Montenegrin lawyer and politician

Dejan Vukšić (Дејан Вукшић; born 2 May 1972) is a Montenegrin lawyer and an independent politician serving as director of the National Security Agency since 17 December 2020. Prior to this, he served as the president of the Municipal Assembly of Kotor from 28 October 2020 to 17 December 2020.

== Biography ==
Vukšić was born to a Montenegrin family on 2 May 1972 in Kotor, in the then SR Montenegro, and SFR Yugoslavia. He graduated from the Faculty of Law, University of Montenegro in 1996, and completed the bar exam in 1999.
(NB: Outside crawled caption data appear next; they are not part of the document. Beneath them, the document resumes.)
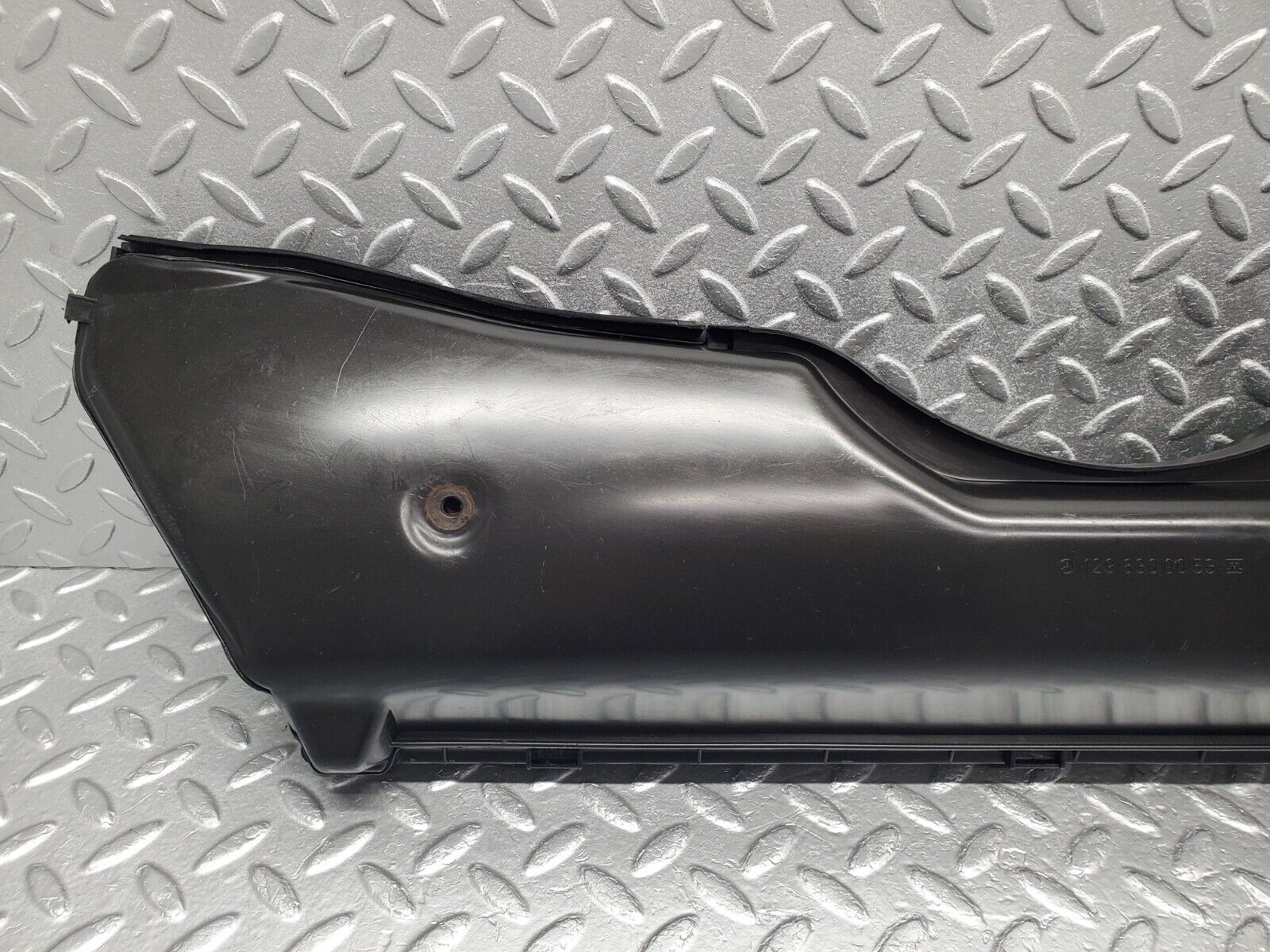 46887 Mercedes-Benz R129 320SL Coupe Cabin Filter Housing 1298300053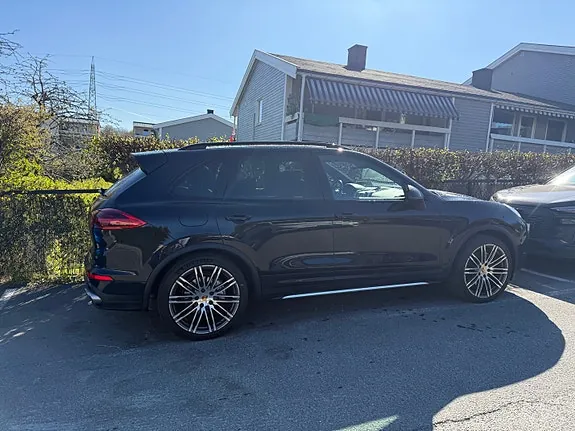 Porsche Cayenne S 2015 photo 2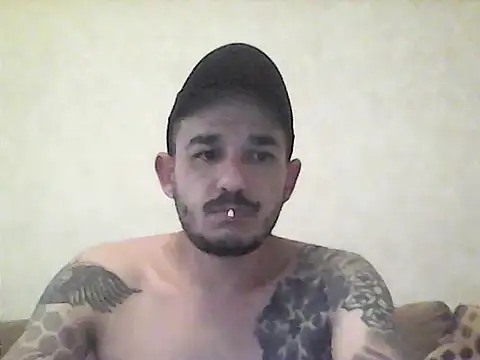 Snapshot of Kurqga chatting on October 21, 2025, 10:47 am Kurqga online show from October 21, 2025, 10:47 am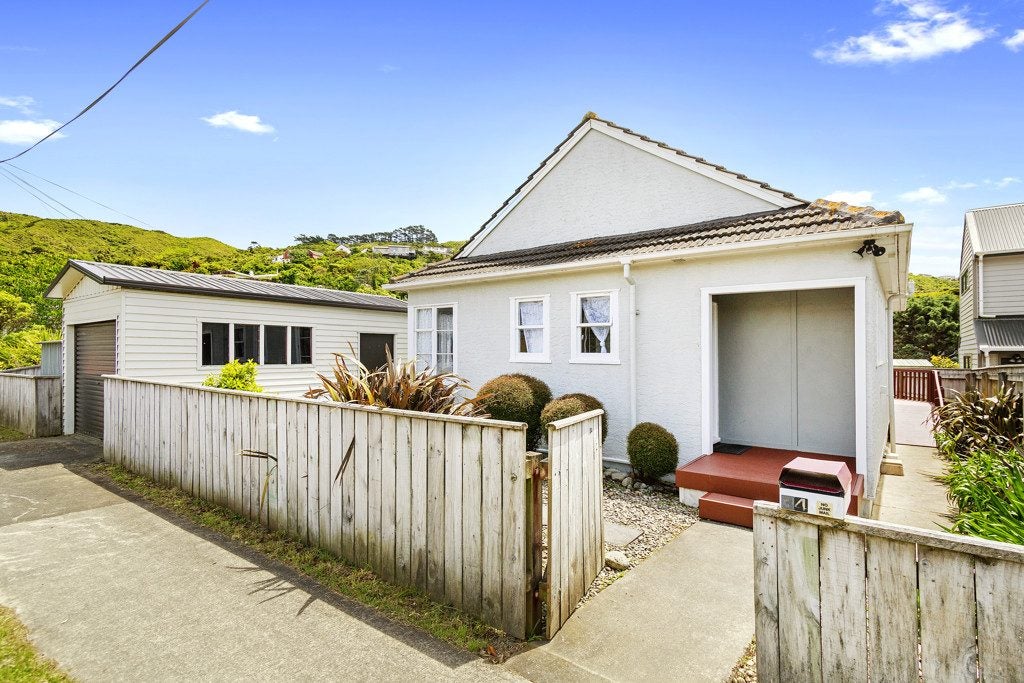 34 Kipling Street, Johnsonville, Wellington - Carousel 1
In the period from 1998 to 1999, he was an associate in the Basic Court in Kotor, while from 1999 to 2001 he worked as a judge in the same court.

Since 2001, he is a lawyer, member of the Bar Association and the Board of Directors of the Bar Association of Montenegro.

He is the founder and owner of the law firm "Vukšić".

He headed the electoral list For the Future of Kotor at the 2020 Montenegrin municipal elections and was elected President of the Municipal Assembly of Kotor after the elections. Shortly after, on 17 December 2020, Vukšić was named the acting director of the National Security Agency.

He is married and has two children, and in addition to his native Serbian, he also speaks English.